Les travaux scientifiques de l’édition 2026 de la Journée internationale de la femme africaine (JIFA) se sont ouverts mercredi 29 juillet au Fleuve Congo Hôtel de Kinshasa, sous la présidence de la ministre du Genre, de la Famille et de l’Enfant, Micheline Ombae Kalama. Pendant quarante-huit heures, experts, universitaires, représentants des institutions publiques, partenaires techniques et financiers ainsi que membres de la société civile sont réunis pour réfléchir aux réponses à apporter aux défis persistants qui freinent l’épanouissement des femmes et des filles en République démocratique du Congo.
Placée sous le thème international « Femme africaine, droit, justice : actions pour un développement inclusif et durable » et le thème national « Droits garantis : autonomisation durable pour toutes les femmes et les filles en République démocratique du Congo », cette édition intervient dans un contexte marqué par les conséquences des conflits armés dans l’Est du pays, les inégalités de genre et les nombreux défis socio-économiques et humanitaires.
Dans son allocution d’ouverture, la ministre Micheline Ombae a rappelé que la promotion des droits des femmes constitue un enjeu majeur pour l’avenir du pays.

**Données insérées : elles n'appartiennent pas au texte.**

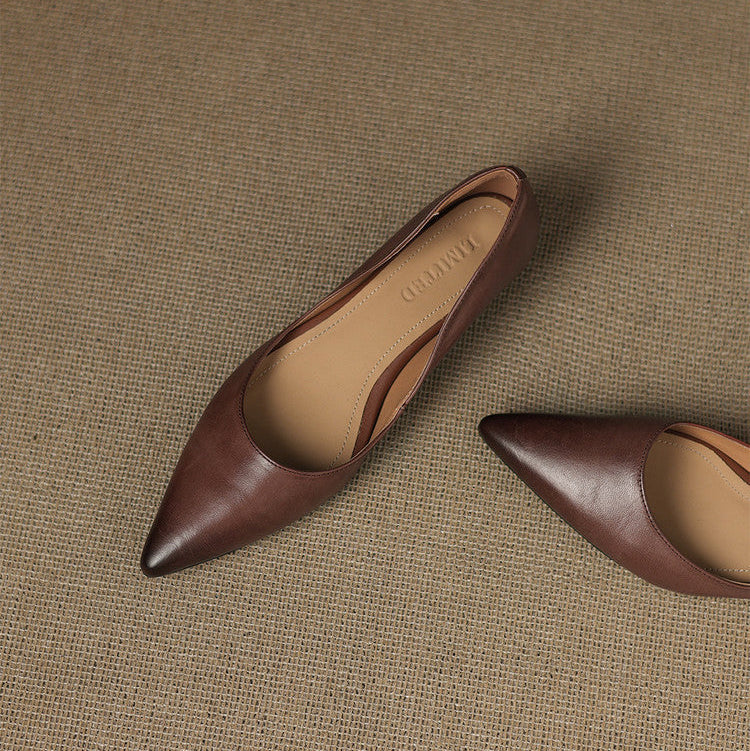 DELAUNAY | Ballerines Pointues en Cuir Marie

« La promotion des droits des femmes n’est pas qu’un symbole, c’est un impératif de justice, un levier de paix et une condition de développement », a-t-elle déclaré.
La ministre a invité les participants à faire de ces deux journées un véritable laboratoire d’idées, capable de produire des solutions concrètes.
« Les deux journées qui s’ouvrent aujourd’hui doivent être mises à profit pour approfondir nos analyses, confronter nos expériences, partager les bonnes pratiques et identifier des solutions innovantes susceptibles de répondre efficacement aux défis persistants auxquels les femmes et les filles continuent d’être confrontées dans notre pays et sur l’ensemble du continent africain », a affirmé Micheline Ombae.

Soulignant le contexte particulier dans lequel la RDC célèbre cette édition de la JIFA, elle a insisté sur la nécessité de placer les femmes au cœur du relèvement des communautés affectées par les crises.
« C’est ici une occasion de renouveler notre engagement collectif en faveur de la paix, de la justice, de la cohésion sociale et du relèvement durable des communautés, avec les femmes comme actrices incontournables du développement », a-t-elle ajouté.
Outre les échanges théoriques, le Gouvernement attend des recommandations directement exploitables dans l’élaboration des politiques publiques.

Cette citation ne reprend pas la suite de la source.